= Puffer train =

Cellular automaton pattern

In a cellular automaton, a puffer train, or simply puffer, is a finite pattern that moves itself across the "universe", leaving debris ("ash") behind. Thus a pattern consisting of only a puffer will grow arbitrarily large over time. While both puffers and spaceships have periods and speeds, unlike puffers, spaceships do not leave debris behind.

The period of a puffer can be considered as the combination of two periods; the first is the period of the puffer itself, while the second is the apparent period of the pattern of debris produced. This is often the same as the period of the puffer, but sometimes is a factor of the period. A puffer for which the apparent period deduced from the debris is smaller than the period of the engine is a pseudoperiod puffer. Such puffers are typically produced by artificial means. A true period puffer is one in which the period of the debris matches that of the puffer.

Puffers are divided into two classes, dirty puffers and clean puffers. While there is no precise distinction, a dirty puffer is one in which there is little apparent order in the debris (although the debris will still eventually be periodic). A clean puffer, conversely, has a small amount of debris that appears much more organized. A dirty puffer can sometimes be turned into a clean puffer by adding spaceships of the same velocity as the puffer that affect what debris results.

A puffer whose debris consists entirely of spaceships is called a rake.
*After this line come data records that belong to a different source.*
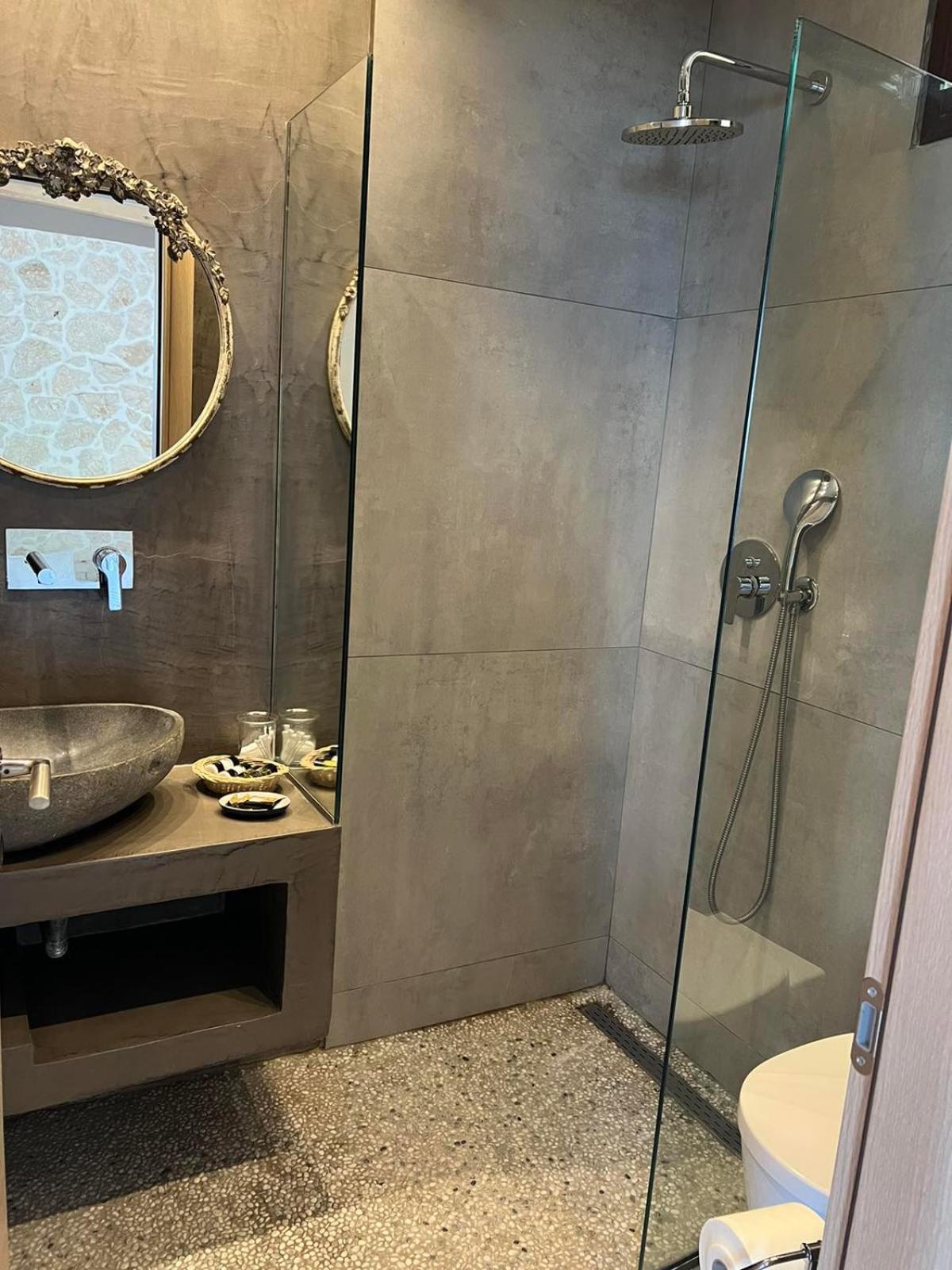 Agorastos Suites Койнира Стая снимка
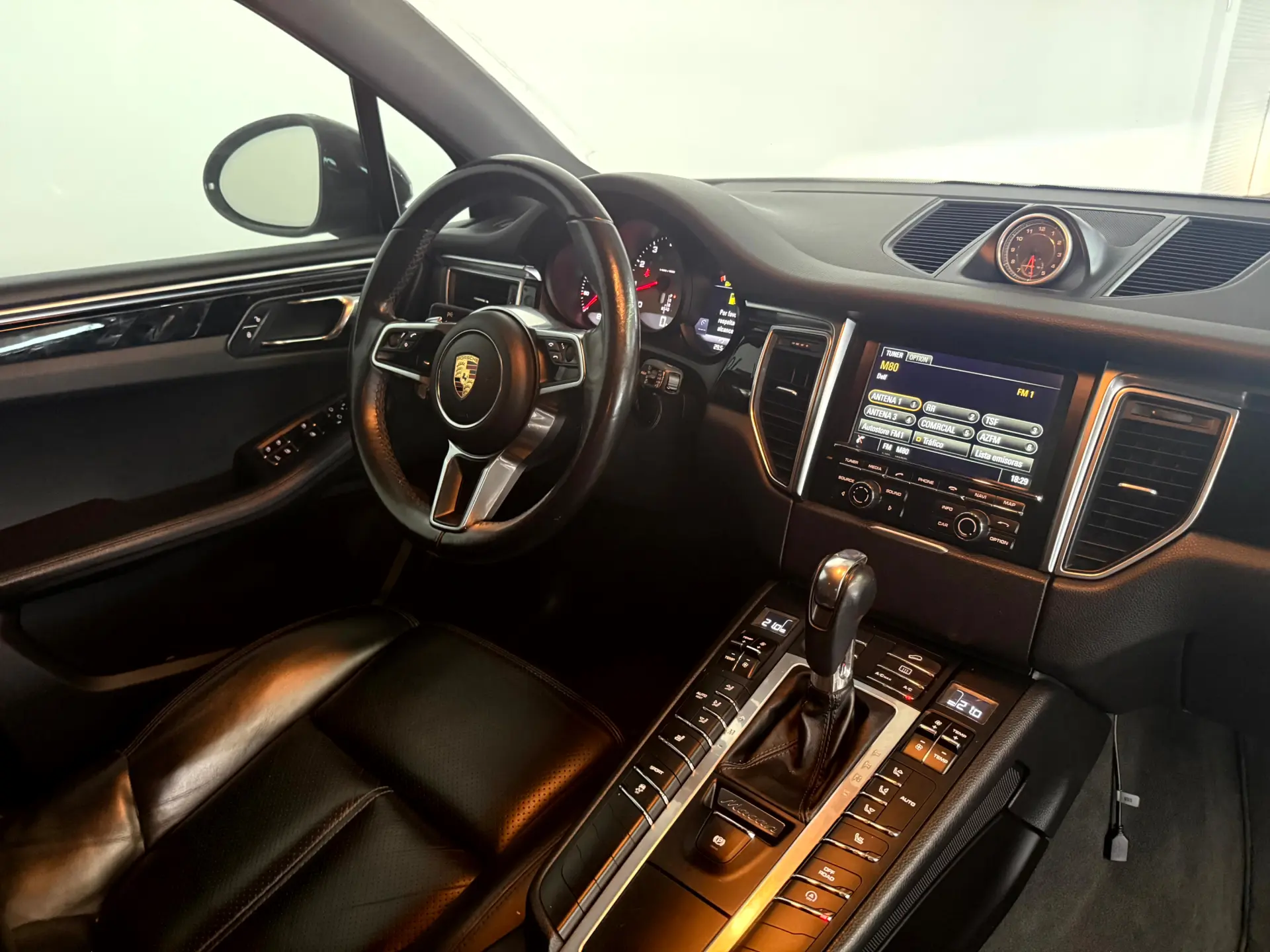 Porsche Macan S PDK 38
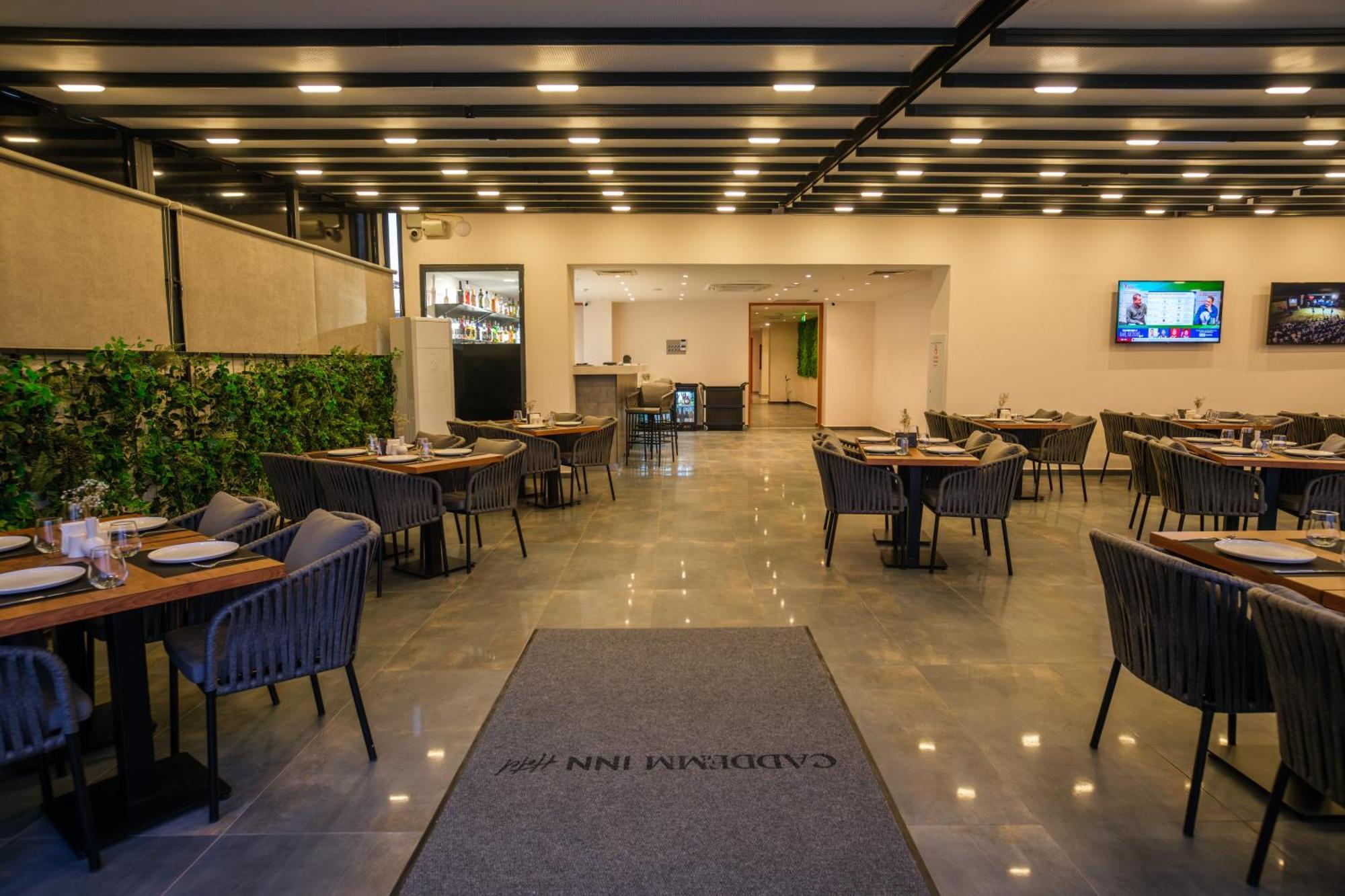 Caddem Inn Hotel 法马古斯塔 外观 照片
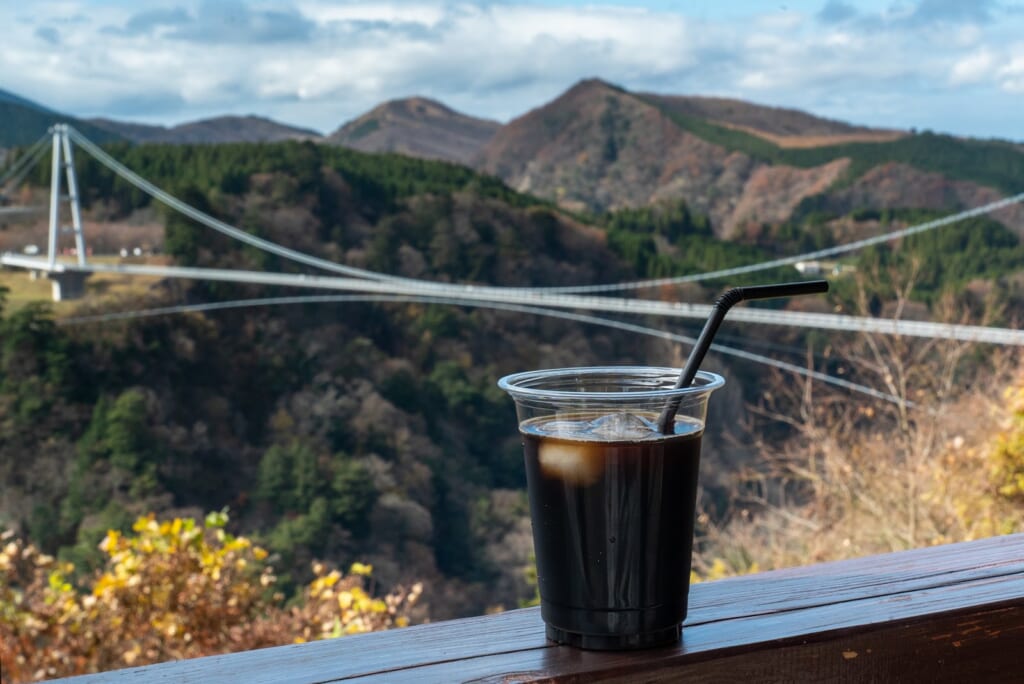 savourer un café glacé devant le grand pont suspendu de la préfecture d'oita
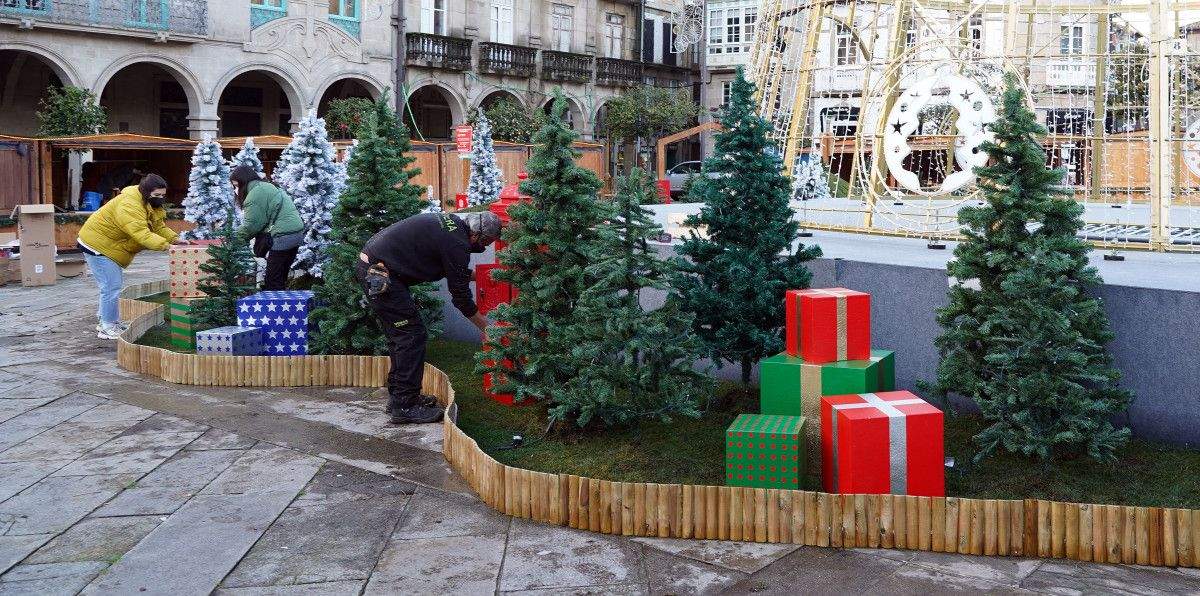 Instalación del poblado de Navidad en A Ferrería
==In Conway's Game of Life==

The first known puffer, in Conway's Game of Life, was discovered by Bill Gosper; it is a dirty puffer, but eventually stabilizes to leave a pattern of debris that repeats every 140 generations. Since then, many puffers have been discovered for this cellular automaton, with many different speeds and periods. Puffers are significant for Life and related rules for three reasons: First, if they can be stabilized in such a way that they produce only gliders (that is, turned into rakes) they can be used as part of many more complex patterns such as breeders. Second, stabilizations of puffers that eliminate all of their output debris can be used to produce spaceships with arbitrarily large periods. And third, puffers can sometimes be tamed or combined to form spaceships with speeds that do not seem to be achievable in other ways; for instance, in Life, the switch engine is a puffer train discovered by Charles Corderman that moves diagonally at speed c/12 (one cell every 12 generations on average), and in 1991 Dean Hickerson showed how to combine several switch engines to form a c/12 spaceship that he called the Cordership.